You’ve got to have a local team

I had a friend who was from a Northern town who supported his local boyhood football club. I, however, knew him when he lived down South nowhere near the place he grew up. I also discovered that he followed the local team down South. I remember speaking to him about it one day and he said, ‘if you’re into it, you’ve got to support a local team’. By which he meant, it is all very well supporting the club in the town he grew up in, but if he could never see the team play, it wasn’t all that great. It was his view that supporting the local team where he had now made his home meant he and his son could go and enjoy live football together and actually care about the result.

I’ve often thought about that comment. So much so, I have debate following the local teams in a few of the places I have lived. Having shifted around so much, however, I never did in the end. Now I have a settled and (hopefully) long-term home in Oldham, the thought has arisen again in my mind. I love Oldham and I would love to follow a local team. Perhaps it is time I became a fully paid up Latics fan?
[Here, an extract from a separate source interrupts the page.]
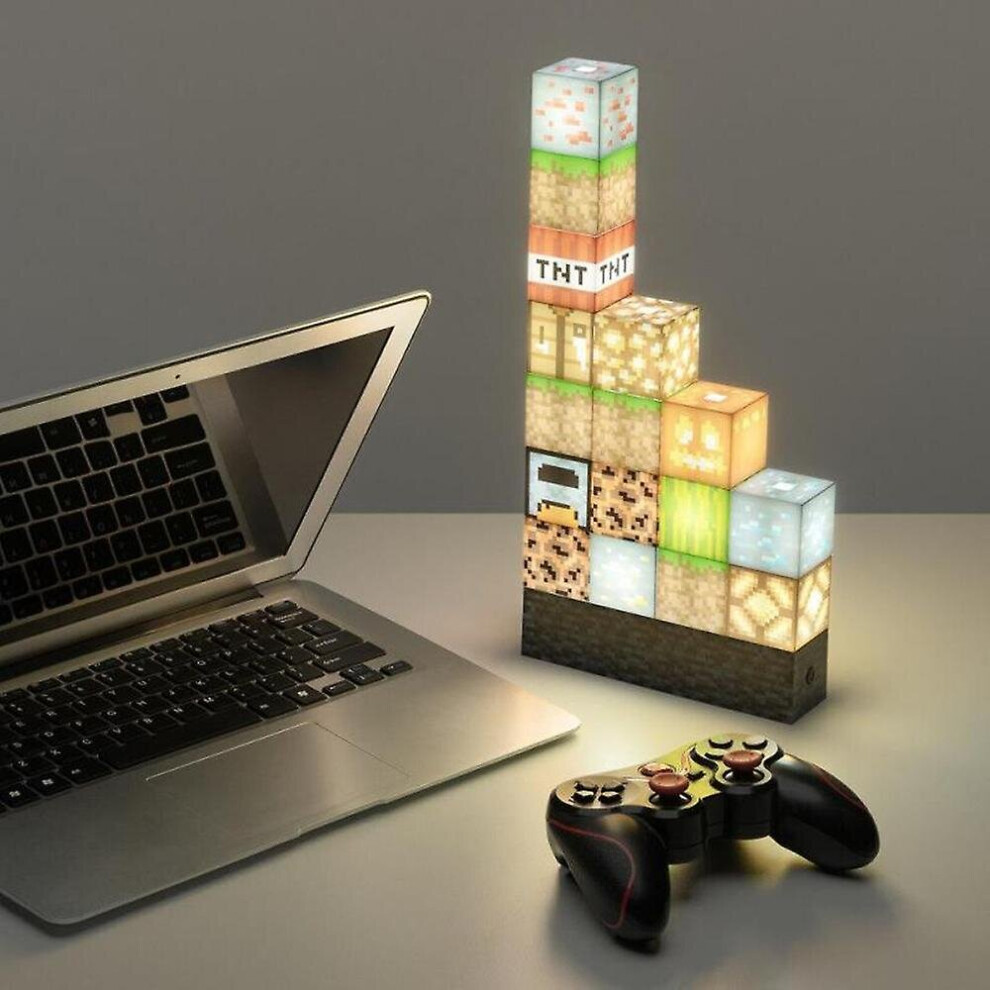 Minecraft Block Building Light 16 Rearrangeable Light Blocks And Bedrock Base Minecraft Bedroom Accessories Lamp Night Light Gifts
But I was set to thinking about this in respect to the church. I have met a number of people who insist on remaining attached to churches miles away – even at other ends of the country – because it is, ‘my church’. Sometimes it is an emotional attachment as the church they grew up in, other times it is the place where they became a believer, for others still it is the place where they experienced some real growth in the Christian life. But, for whatever reason, that emotional attachment leads them to want to remain formally attached despite being unable to participate in the life of that church. It is a bit like an avid football fan following their boyhood club despite living nowhere near that place anymore and never being able to attend (or even access on TV) any of the matches.

My friend’s advice seems pertinent. You’ve got to have a local church. There is nothing wrong with having a strong emotional connection with a church you grew up in, became a believer through or grew much in. But to insist on remaining formally attached whilst you can’t involve yourself in any meaningful way in that fellowship is pointless at best. Good churches worth their salt wouldn’t let you remain in that position either. They should be encouraging you to find a fellowship locally at which you can serve and fulfil the commands of Christ meaningfully where you are.

The importance of having a local church to which you are formally attached and able to serve regularly cannot be underestimated. Church is not a club to which you belong, it is a family that you join and to which you commit. There are a lot of things you simply can’t do from the other end of the country. Likewise, there are commands you can only fulfil by being present regularly in a local church. Just as my friend felt the importance of having a local team, there is even more importance attached to having a local church.

Just as following certain teams becomes nigh on impossible if you live miles away, remaining a meaningful member at churches miles away is also nigh on impossible. If you care about the church, and you care about your own spiritual growth, you really must find a local church to whom you can commit and serve.